“Non abbiamo mai pensato all’Europa come a una casa, a un rifugio, e oggi ne paghiamo le conseguenze”. È una riflessione che suona in parte come un mea culpa, quella con cui Herman Van Rompuy, ha ritirato oggi ad Aquisgrana lo Charlemagne Prize. Accettando uno dei premi più prestigiosi assegnati alle personalità che si siano distinte in favore dell’integrazione e dell’unione in Europa, il presidente del Consiglio europeo tenta di dare una spiegazione all’avanzata dei nazionalismi, a quella voglia di abbandonare l’Europa per richiudersi all’interno dei confini nazionali, che tanta spinta sta dando ai movimenti euroscettici. “Come è possibile – si chiede Van Rompuy – che la gente veda l’Europa come qualcosa che li fa sentire impotenti e senza voce, mentre è stata concepita proprio per renderli più forti?”
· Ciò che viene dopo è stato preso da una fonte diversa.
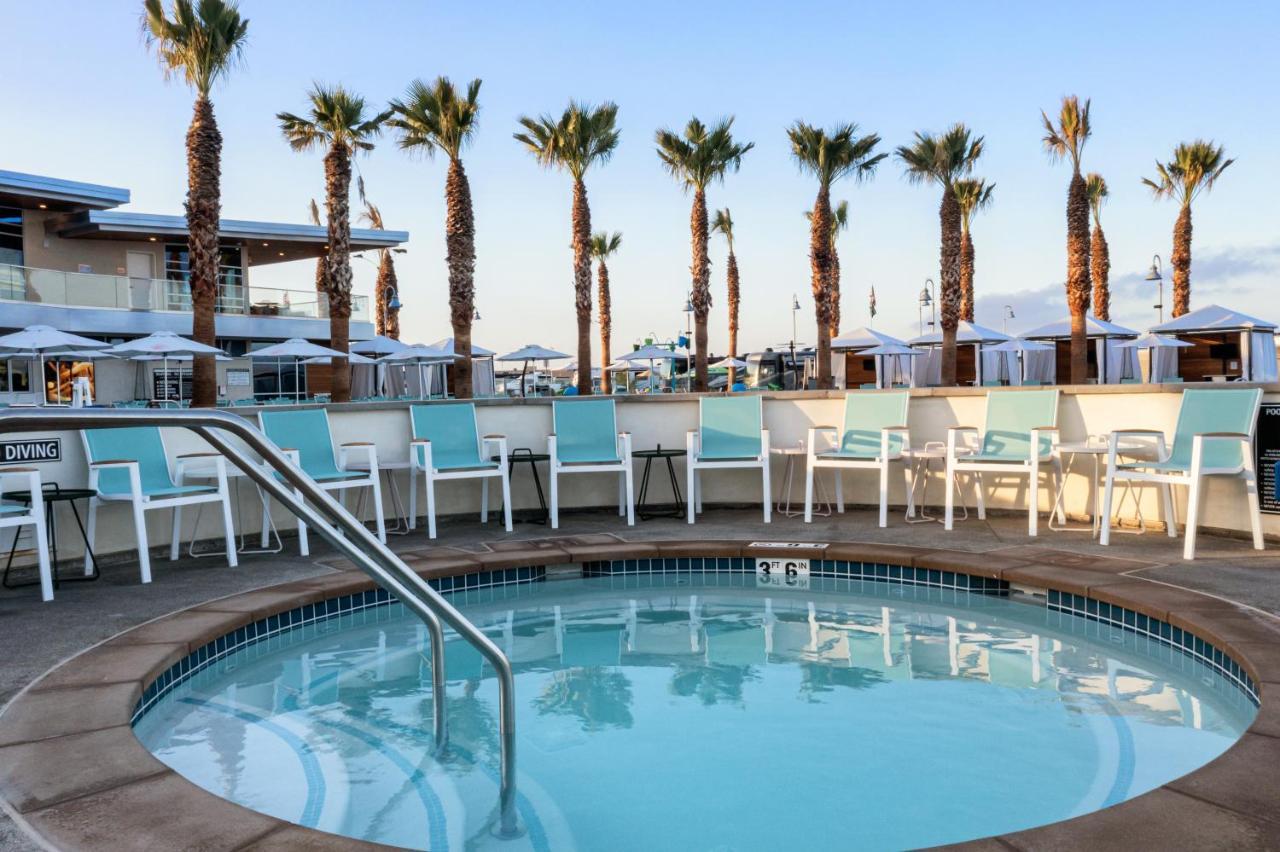 Sun Outdoors San Diego Bay Chula Vista Bagian luar foto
Una risposta, il Presidente del Consiglio europeo se l’è data: l’Ue “fin dall’inizio ha agito per rimuovere i confini: per le merci, per i lavoratori, per gli investimenti, per lasciare le persone e le aziende libere di muoversi”. Lo stesso fa ancora oggi: “In campi come l’energia, le telecomunicazioni, l’economia digitale” il focus è sempre “abbattere le barriere, creare un grande spazio comune”. Un bene, di sicuro. Ma l’Europa, in questa sua frenesia di aprire ha perso la sua immagine “di casa, di rifugio”. “Da molti – continua Van Rompuy – è ora percepita come un intruso sgradito, l’amica della libertà viene vista come una minaccia alla protezione”.
Per riguadagnare la fiducia dei cittadini, secondo il Presidente del Consiglio europeo, occorre ora “trovare il giusto equilibrio”: per l’Unione europea “è essenziale agire anche sul versante della protezione”. È “urgente” che l’Unione mostri “di avvantaggiare non solo le imprese, ma anche i dipendenti, non solo chi si sposta, ma anche chi resta, non solo i laureati e quelli che conoscono le lingue, ma tutti i cittadini”. L’Europa, conclude Van Rompuy, deve mostrare di vedere le persone “non solo come consumatori, che amano i prodotti a basso costo, ma anche come lavoratori, che possono vedere negli altri dei concorrenti per il loro lavoro”.